Hence like most things in engineering, the development of the extraction function is a tradeoff. If the extraction function is made too simple, then a useful representation will not reach the learning algorithm. If a great deal of time is spent developing the extraction function, then this undercuts the whole purpose of using a learner in the first place.
The surprising fact is, however, which we demonstrate in the remainder of the thesis, that even using a very primitive group of metafeatures, it is possible to obtain high levels of performance in temporal domains.

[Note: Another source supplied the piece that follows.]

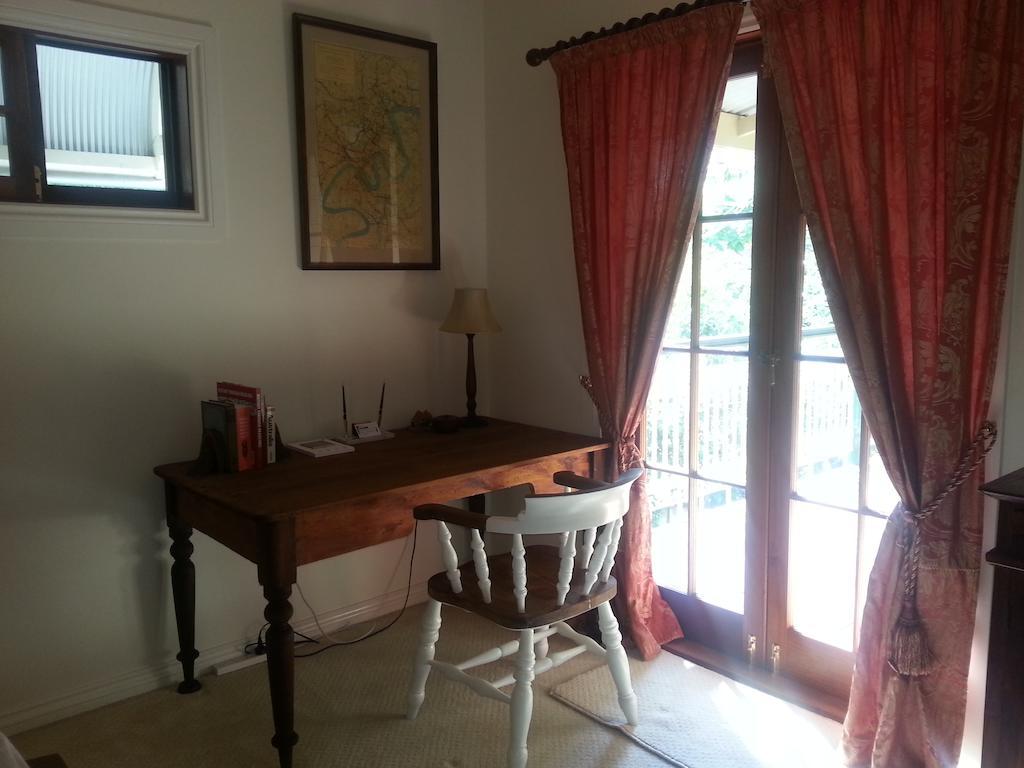 ホテル Grove Manor ブリスベン 部屋 写真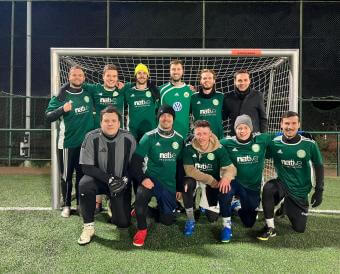 fotbal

Consider implementing the Increasing metafeature and apply it to the y axis. Also assume that we use the representation (midtime, average, gradient, duration). Consider the period of increase from time 32 to time 45 in Figure 4.8. Then depending on how we implement the extraction function, it might be possible to ignore the small dips in the generally increasing pattern between that time; or it might be possible to break it up into three separate events: an increase from time 34 to 35, an increase from time 37 to 39 and an increase from time 40 to 43. One way to do this is to allow a certain amount of exceptions; another is to ``smooth'' the data to get rid of such bumps. In any case, Figures 4.9 and 4.10 show the instantiated features extracted by applying one implementation of the Increasing metafeature to Figures 4.6 and 4.8 respectively. Note that the events are in many ways similar, and that our filtering and noise handling techniques have worked to some extent.